→ **What to do**
Without including any pictures, write out all the records word for word.

→ **Available data**
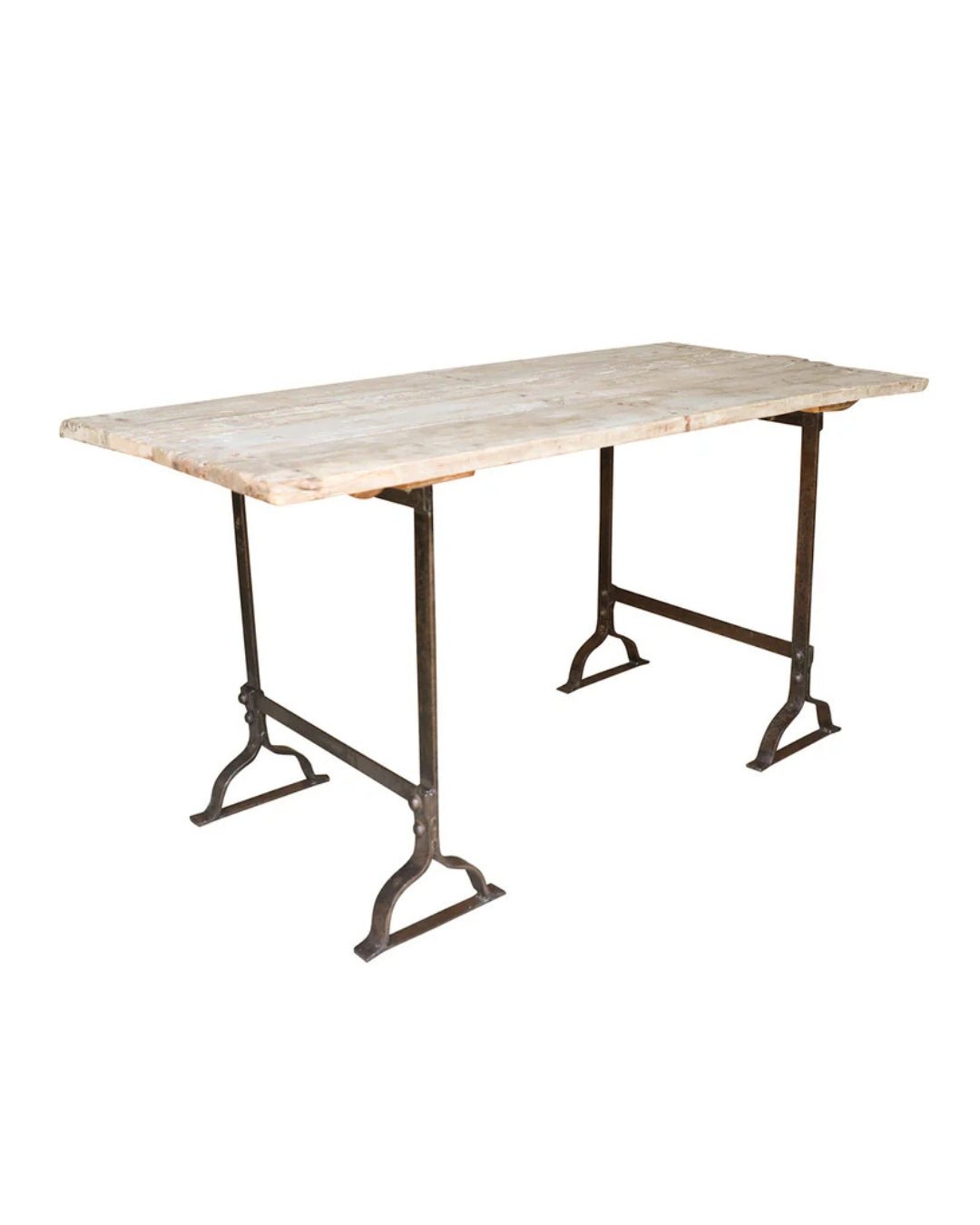 Jona Reclaimed Console Table - Consoles - Hello Norden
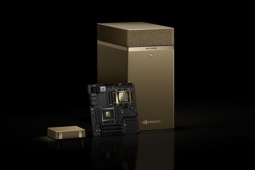 Nvidia tiếp tục "gây sốt" với hai máy tính AI cá nhân siêu mạnh
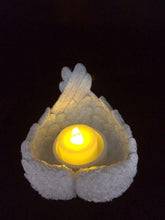 Load image into Gallery viewer, Angel Wings Candle Holder Home Decoration Ornament Guardian Angels Collection-OsirisTradingUK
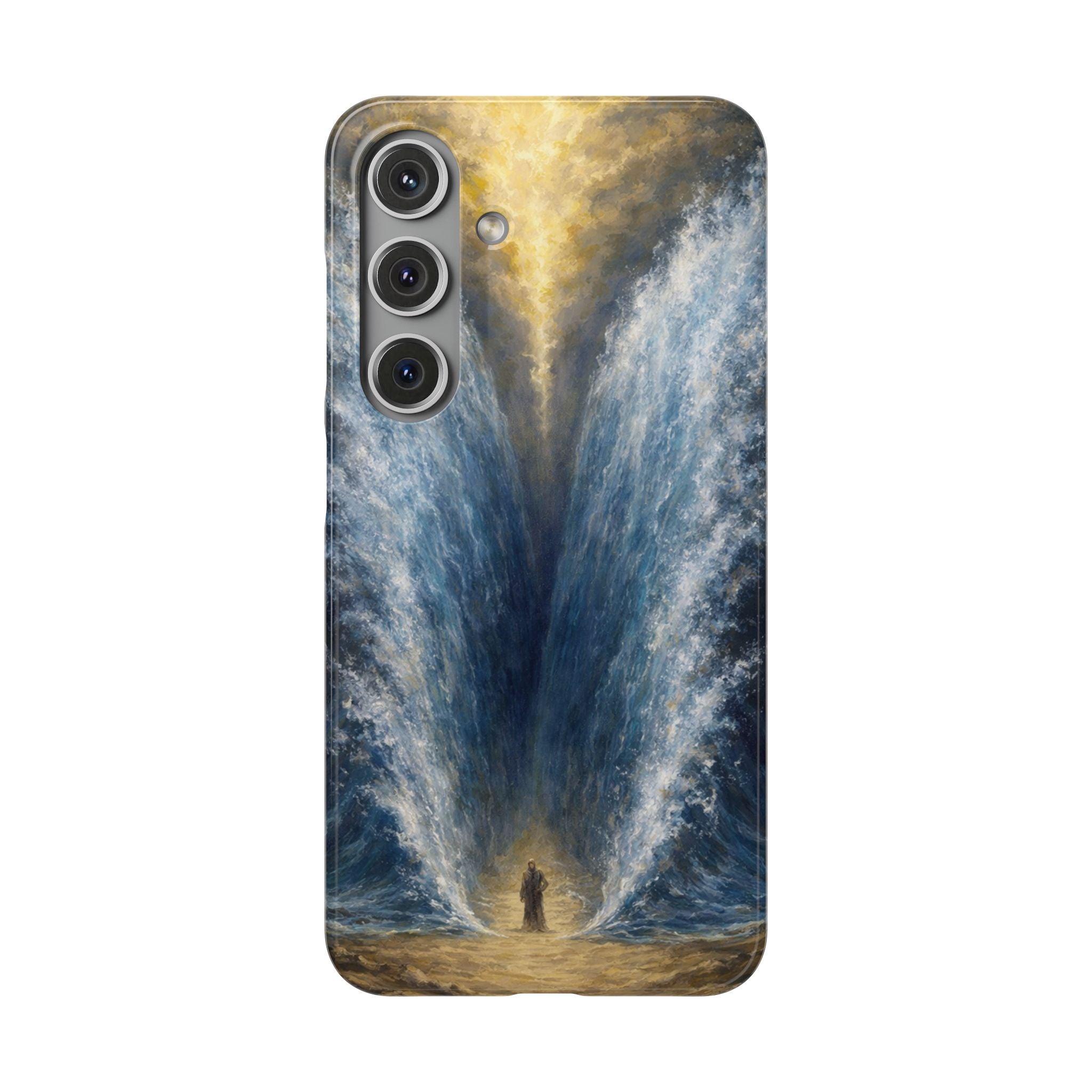 Parting Sea - Art Case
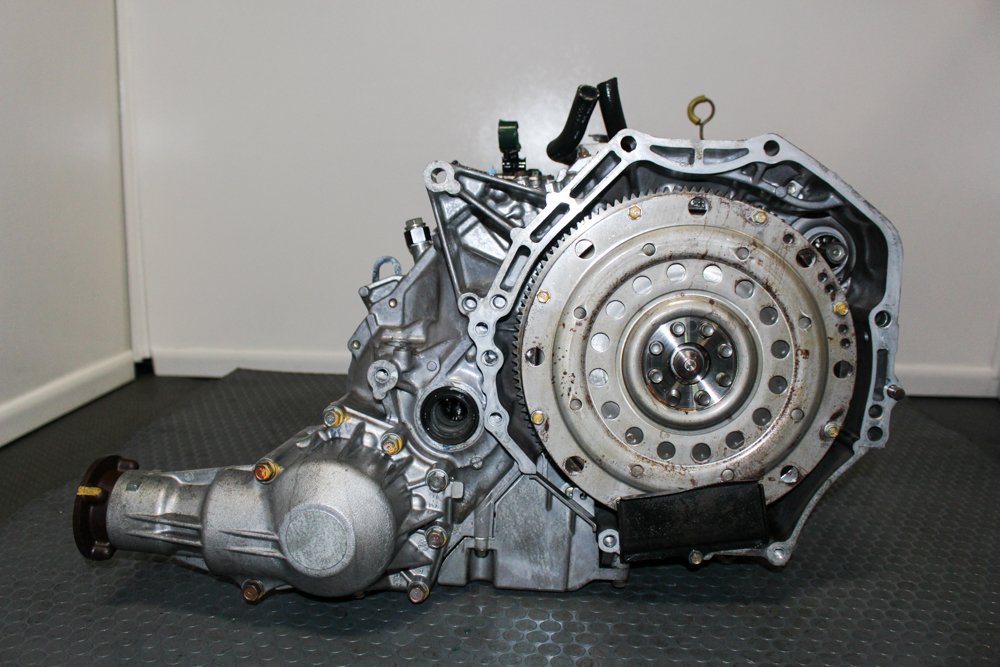 JDM 2003–2005 Honda Pilot / 2001–2002 Acura MDX AWD Transmission – 3.5L J35A 4×4 Automatic - Image 2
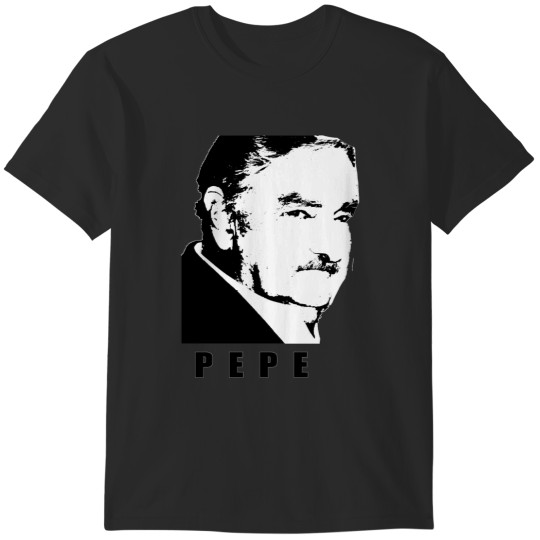 Discover Pepe Mujica classique T-Shirts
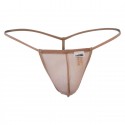  String Ficelle Transparent Beige
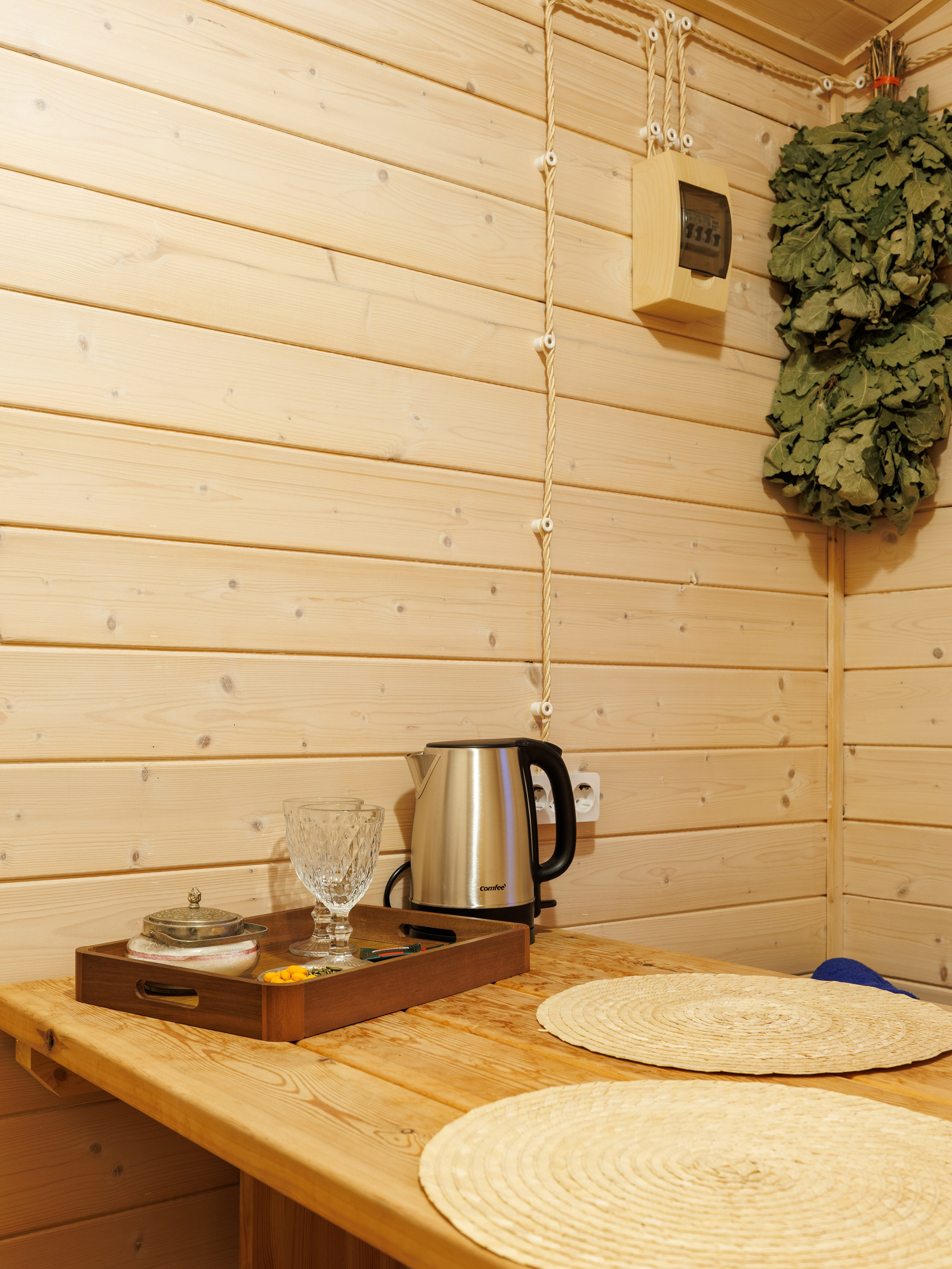 Гостевой дом с баней, Елизаветино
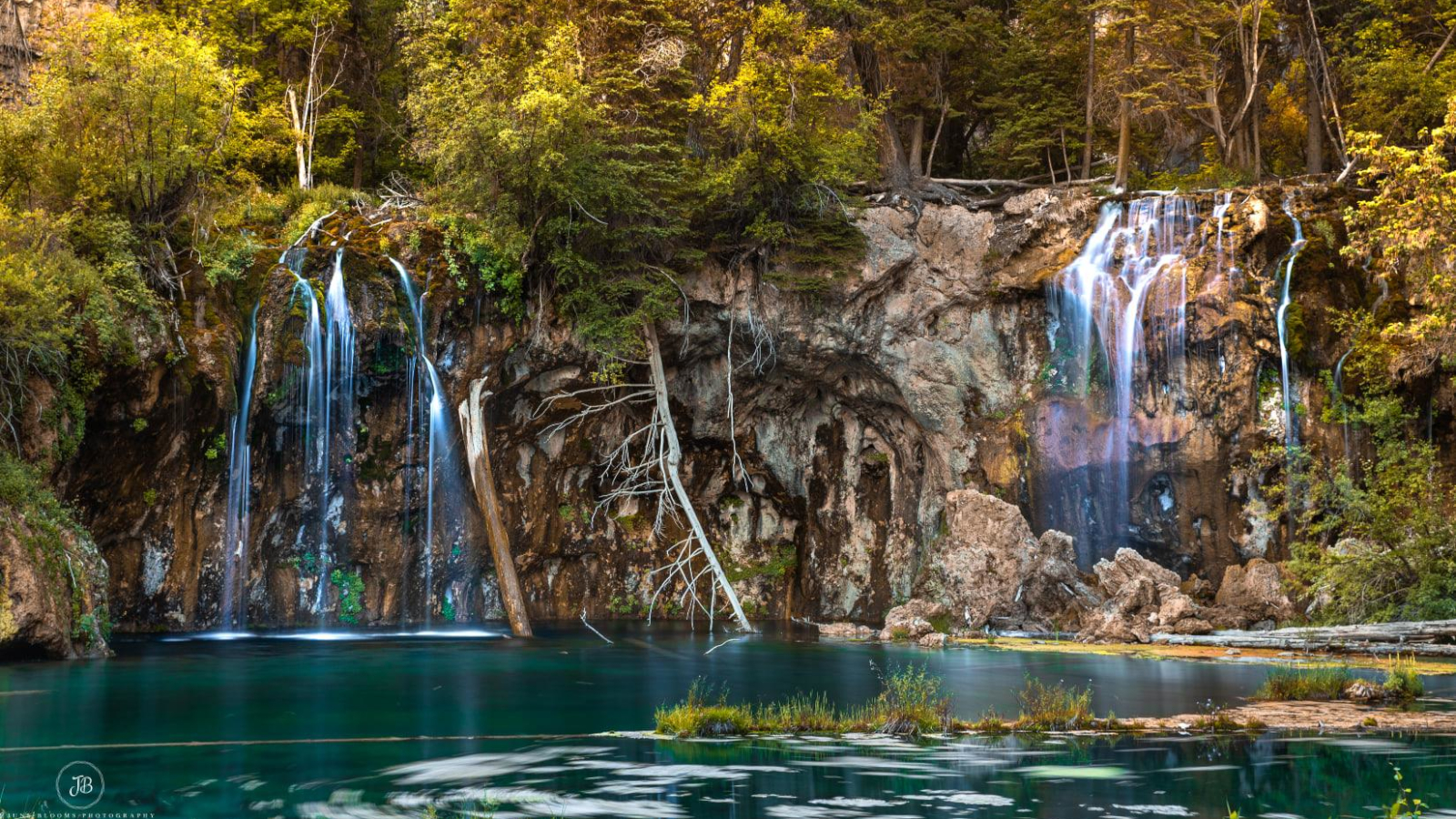 Hanging Lake June Blooms Photography.jpg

→ **Result of this exercise**
 Jona Reclaimed Console Table - Consoles - Hello Norden
 Nvidia tiếp tục "gây sốt" với hai máy tính AI cá nhân siêu mạnh
 Load image into Gallery viewer, Angel Wings Candle Holder Home Decoration Ornament Guardian Angels Collection-OsirisTradingUK
 Parting Sea - Art Case
 JDM 2003–2005 Honda Pilot / 2001–2002 Acura MDX AWD Transmission – 3.5L J35A 4×4 Automatic - Image 2
 Discover Pepe Mujica classique T-Shirts
  String Ficelle Transparent Beige
 Гостевой дом с баней, Елизаветино
 Hanging Lake June Blooms Photography.jpg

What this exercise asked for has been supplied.